%%

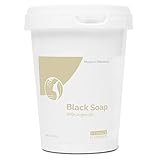 Black Soap (Beldi Soap) with Argan Oil by Fatima's Garden - 100 % natural Moroccan Black Soap, Body...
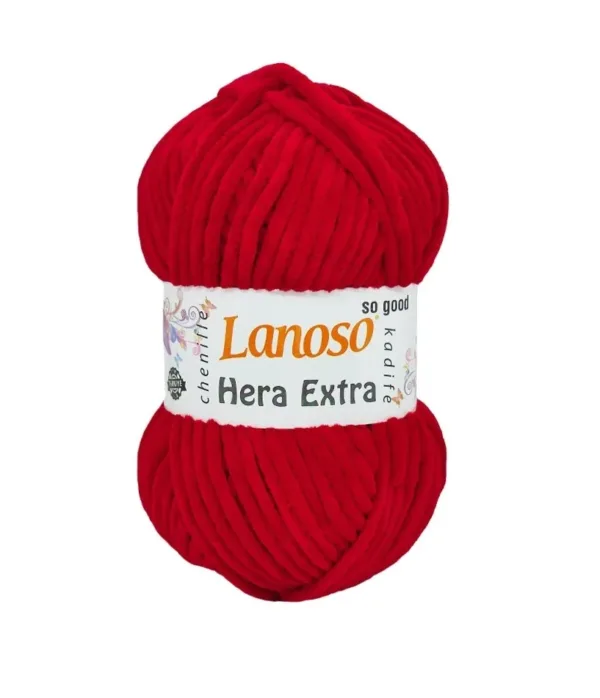 Lanoso Hera Extra Kirmizi Kadife Iplik C956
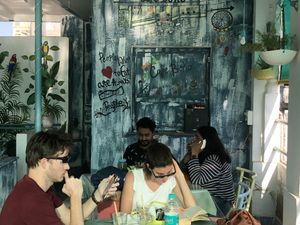 Love for food at Cafe Boho in Udaipur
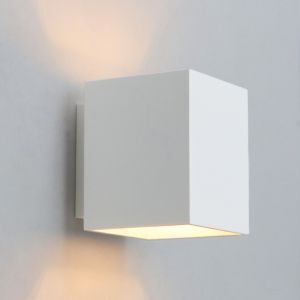 Moderne up down wandlamp wit, Dalila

%%

▶ [Work instruction]: The listing must be repeated word for word, and none of its pictures may appear in the copy.

▶ [Exercise result]:
 Black Soap (Beldi Soap) with Argan Oil by Fatima's Garden - 100 % natural Moroccan Black Soap, Body...
 Lanoso Hera Extra Kirmizi Kadife Iplik C956
 Love for food at Cafe Boho in Udaipur
 Moderne up down wandlamp wit, Dalila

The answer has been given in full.